Gli operatori umanitari locali e stranieri fecero del loro meglio per proteggerli. Ma ci furono dei casi di persone rapite dai campi profughi e uccise. Un rifugiato riferì di due uomini appesi come maiali prima di essere squartati.
La guida spirituale di Timor Est, il vescovo Carlos Belo, assieme a Gusmão e agli ufficiali portoghesi, accusarono l’Indonesia di collusione con i paramilitari nel perpetrare i massacri e nel tentare di occultare la carneficina.
Belo non trattenne le lacrime parlando di almeno 25 persone fatte a pezzi o colpite a morte. In una conferenza stampa a Giakarta, con la diplomatica portoghese Ana Gomes, Gusmão affermò che i suoi sostenitori furono «uccisi come animali» dai paramilitari, appoggiati da soldati indonesiani.
Fuori della casa di padre Rafael dos Santos, parroco di Liquica, 2.000 persone che vi avevano cercato rifugio furono prese di mira dalla cosiddetta milizia di “Ferro bianca e nera”, appoggiata da soldati indonesiani che lanciarono gas lacrimogeni tra la folla. E mentre la gente fuggiva, le milizie di Guterres l’abbatterono colpendo con le spade. Testimoni parlarono di tre camion di cadaveri portati via.
Come la Cambogia sotto i Khmer rossi, Timor Est fu quasi completamente annientata. Quello che successe fu un crimine contro l’umanità e un genocidio ma, diversamente dalla Cambogia, non ci sarà mai giustizia per le vittime.
Il prezzo dell’indipendenza
Coloro che hanno le mani insanguinate sono vissuti nell’impunità.
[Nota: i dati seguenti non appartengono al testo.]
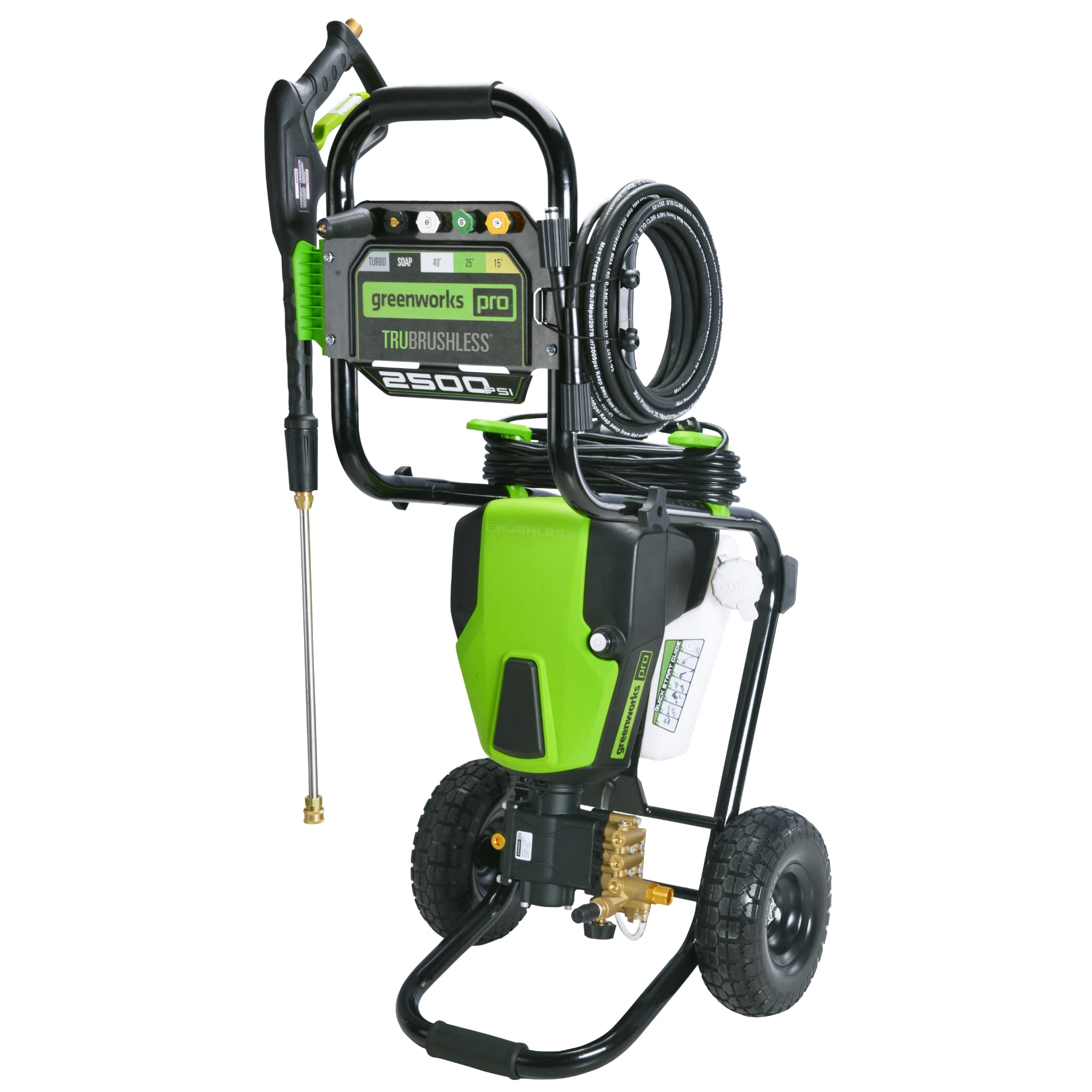 Greenworks GPW2500C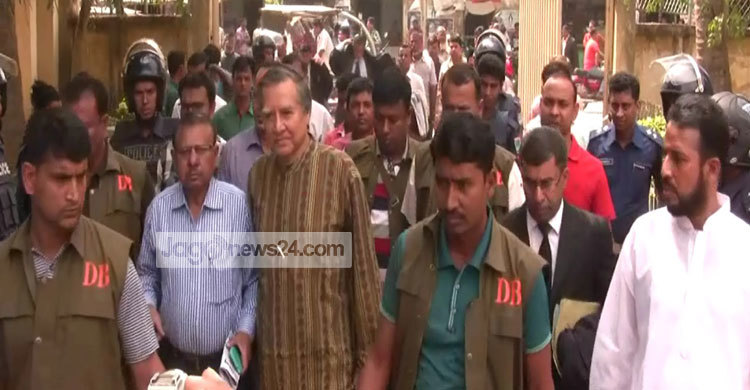 মাগুরায় জামিন পেলেন মাহফুজ আনাম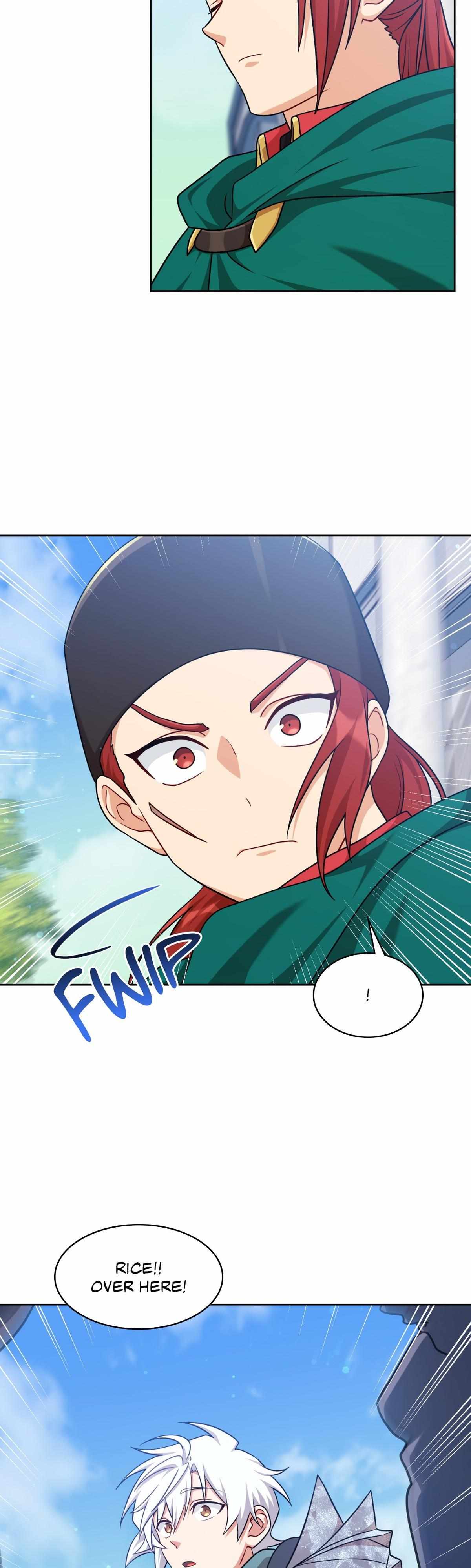Eat and Go Chapter 105 - Page 21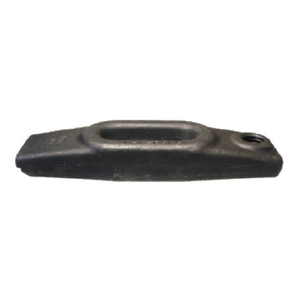 Carr Lane CL-10-FSCS Forged Clamp Strap - Straight (Locator Nose)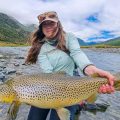 Two of New Zealand's Top Women Fly Fishing Guides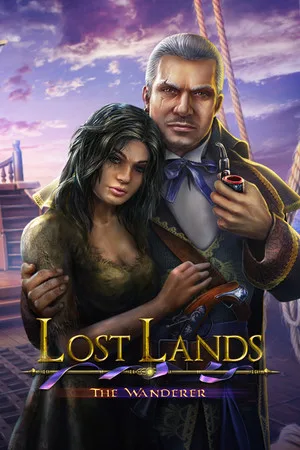 Lost Lands: The Wanderer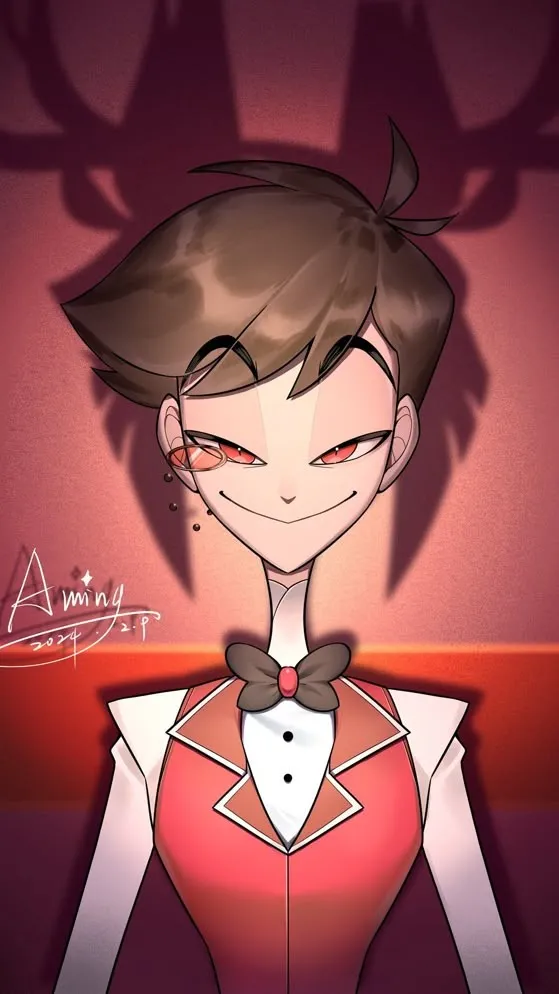 ai character: Alastor background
Ciò – secondo Gerry van Klinken dell’università di Amsterdam – comprende anche Subianto, che per due volte ha partecipato, senza successo, alla campagna per la presidenza indonesiana.
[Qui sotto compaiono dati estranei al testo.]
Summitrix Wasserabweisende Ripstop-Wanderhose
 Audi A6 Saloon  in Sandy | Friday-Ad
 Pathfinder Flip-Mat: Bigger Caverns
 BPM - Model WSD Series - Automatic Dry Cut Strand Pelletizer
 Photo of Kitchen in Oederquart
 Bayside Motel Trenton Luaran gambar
È stato anche a capo dell’unità delle forze speciali indonesiane Kopassus e ha condotto operazioni anti-insurrezionali nel Timor Est negli anni del 1980, fu uno dei primi sostenitori di Guterres e venne accusato di rapimenti e di uccisioni di studenti attivisti nel 1998.
Guterres fu dichiarato colpevole per il ruolo avuto nei massacri e condannato a 10 anni di carcere ma non fu mai messo in prigione. Fu invece eletto nel parlamento indonesiano in Timor Est, benché – secondo Skehan – ci fossero «prove evidenti del ruolo esercitato dai militari e da altre autorità in una miriade di gravi violazioni dei diritti umani». Ma il dado ormai era tratto e lo spargimento di sangue che culminò negli eventi tumultuosi del 1999 fu il segno che presto le forze di pace sarebbero arrivate per assicurare la transizione di Timor Est verso l’indipendenza, mentre l’Indonesia formalmente abbandonò la provincia che non era mai stata riconosciuta dalle Nazioni Unite.
Ciò nonostante, la piccola nazione cattolica da allora non fu mai esente dalla violenza. Nel 2006, le Nazioni Unite inviarono forze di sicurezza per ristabilire l’ordine dopo che 150.000 persone erano fuggite dalle loro case in seguito a conflitti tra fazioni.
Nel 2008, il presidente José Ramos-Horta fu ferito gravemente in un tentativo di assassinio e il primo ministro Gusmão sfuggì a una sparatoria mentre erano stati dispiegati alcuni rinforzi australiani. Le operazioni di mantenimento della pace delle Nazioni Unite sono rimaste fino alla fine del 2012.
Timor Est è piagato dalla povertà; le sue relazioni estere sono caotiche e gli interessi delle potenze molto più grandi come l’Australia, l’Indonesia e la Cina rappresentano una sfida costante quando si tratta di decidere il futuro del paese. Tuttavia la sua gente ha combattuto, si è sacrificata e alla fine ha ottenuto ciò che maggiormente desiderava, l’indipendenza. Oggi sono pochi a dubitare che valesse la pena di pagare un prezzo così alto per ottenerla.